Devotion for 11/17/2020

But we do not want you to be uninformed, brothers and sisters,about those who have died, so that you may not grieve as others do who have no hope. For since we believe that Jesus died and rose again, even so, through Jesus, God will bring with him those who have died. For this we declare to you by the word of the Lord, that we who are alive, who are left until the coming of the Lord, will by no means precede those who have died. – 1 Thessalonians 4:13-18

​The transition from apartment life to having a house with a yard has many moments of adjustment. This is particularly true with the work that comes with having a yard, and especially a large yard with more trees than I can count and moving in during October just before all of the leaves fall. With the several beautiful days last week, Wendolyn gave our boys their task on Sunday. She pointed to three areas of the yard and told them, “Those need to be cleared before it rains Wednesday afternoon.” The boys were excited to get to use the leaf blower and rake, so they did some work each day. Nevertheless, they did not act with much urgency and only cleared a small amount each day before other things caught their attention. 

The parents reminded them each day that the rain was coming, but still they dallied in their work. I got home Wednesday afternoon not long after the skies opened, and the leaves were unmoved from the day before and far from cleared. I asked them why the job of moving the leaves was still unfinished, and received the reply, “It’s raining.” None too impressed by this logic, I sent them out into the rain to finish the job. Thankfully it was not too wet yet, there wasn’t too much left to do, and they actually enjoyed being out in the rain. None of us were worse for the wear for it.

​It’s one thing to intellectually recognize that rain is coming and the leaves need raked before it hits. That information on its own might be useful, but it does not always create a sense of urgency. That was true in this particular case, but it is true in much of our lives as well. There are many things that we know are coming up on our schedules but that doesn’t always make us work with vigor to be ready for the deadline, whether it is end-of-semester term papers for students or making sure to brush our teeth well before the next dentist appointment draws near. Knowing something in our minds is well and good, but it takes more for us to approach our task with a real sense of urgency. It takes feeling need in our heart and our gut, as well as establishing the rituals necessary to build up a habit.

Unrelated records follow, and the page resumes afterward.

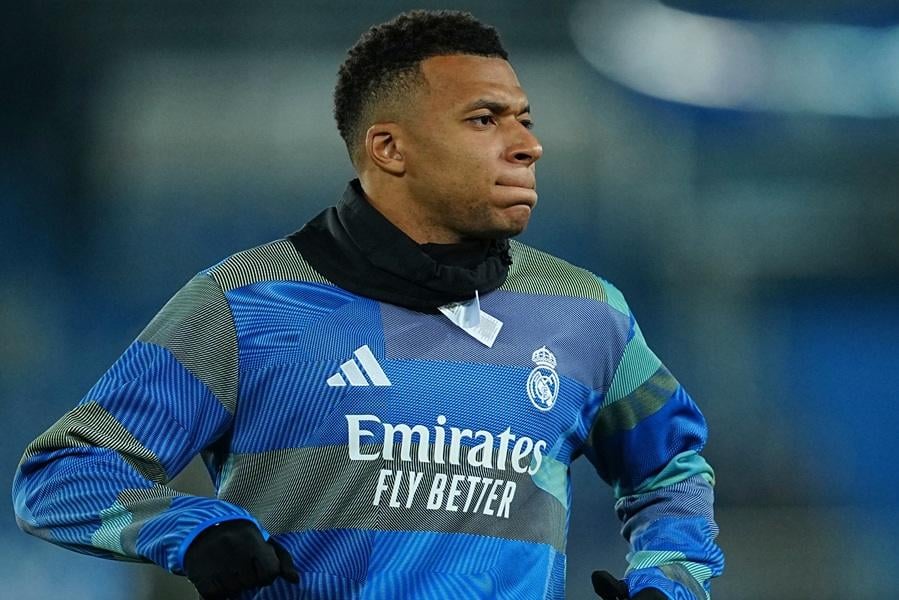 PSŽ mora Mbapeu da plati 60.000.000 evra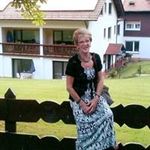 Mary Boll-Klaren - @bollklaren - Instagram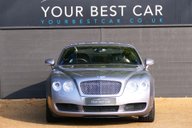 Bentley Continental 6.0 Continental GT Auto 4WD 2dr 31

​The reading from Thessalonians 4 has come up several times lately. In it, Paul is talking about being ready for the return of Christ. The broader concern is that he is telling the people to hold onto a sense of urgency, even though Christ has taken longer to return than they had expected. In this passage he is addressing apprehensions that Christians who have died will miss out on Christ’s return. He is giving assurance that those who have died will also take part in Christ’s return. He tells them that he is informing them of this, but his implication is more than that: he is exhorting them to hold onto a sense of urgency, a sense that Christ’s death, resurrection, and return are things that shape how we live our life now and help us make choices for how to use our time. It is not simply head knowledge, but something to be felt in the heart and the gut. He doesn’t want us to rely on being able to rake in the rain, rushing around at the last minute.